On Thu, 13 Apr 2023 at 03:00, Alexandr Nikulin
<alexandr.s.niku...@gmail.com> wrote:
> explain analyze select * from ids join test_part on ids.id=test_part.id where
> ascii(ids.name)=ascii('best case');
> explain analyze select * from ids join test_part on ids.id=test_part.id where
> ascii(ids.name)=ascii('worst case');
>
> The average results on my machine are as follows:
>
> | vanila postgres | patched postgres
> best case | 2286 ms | 1924 ms
> worst case | 2278 ms | 2360 ms
>
> So far I haven't refactored the patch as per David's advice. I just want to
> understand if we need such an optimization?
My thoughts are that the worst-case numbers are not exactly great. I
very much imagine that with average cases, it's much more likely than
not that the parameter values from the nested loop's next outer row
will be different than it is that it'll be the same.

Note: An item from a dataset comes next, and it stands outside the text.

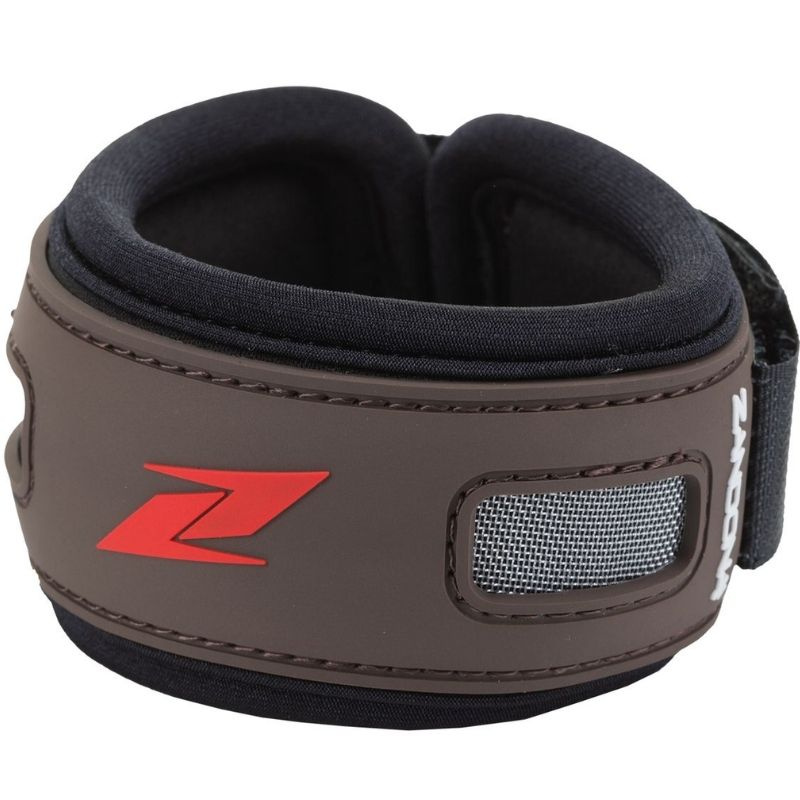 Pastern Wraps Superior Air Brown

Let's say, roughly your numbers show a 20% speedup for the best case,
and a 4% slowdown for the worst case, for us to break even with this
patch as it is, the parameter value would have to be the same around 1
out of 5 times. That does not seem like good odds to bet on given
we're likely working with data types that allow billions of distinct
values.
I think if you really wanted to make this work, then you'd need to get
the planner on board with making the decision on if this should be
done or not based on the n_distinct estimates from the outer side of
the join. Either that or some heuristic in the executor that tries
for a while and gives up if the parameter value changes too often.

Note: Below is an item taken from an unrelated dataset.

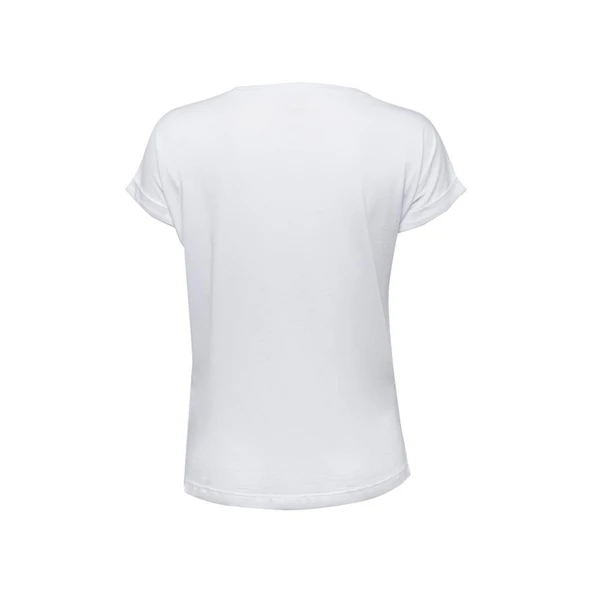 Biggdesign Green Face T-Shirt - 3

Some code was added in 3592e0ff9 that uses a heuristics approach to
solving this problem by only enabling the optimisation if we hit the
same partition at least 16 times and switches it off again as soon as
the datum no longer matches the cached partition. I'm not quite sure
how the same could be made to work here as with 3592e0ff9. A tuple
only belongs to a single partition and we can very cheaply check if
this partition is the same as the last one by checking if the
partition index matches. With this case, since we're running a query,
many partitions can remain after partition pruning runs, and checking
that some large number of partitions match some other large number of
partitions is not going to be as cheap as checking just two partitions
match. Bitmapsets can help here, but they'll just never be as fast as
checking two ints match.
In short, I think you're going to have to come up with something very
crafty here to reduce the overhead worst case. Whatever it is will
need to be neat and self-contained, perhaps in execPartition.c. It
just does not seem good to have logic related to partition pruning
inside nodeNestloop.c.
I'm going to mark this as waiting on author in the CF app. It might be
better if you withdraw it and resubmit when you have a patch that
addresses the worst-case regression issue.
David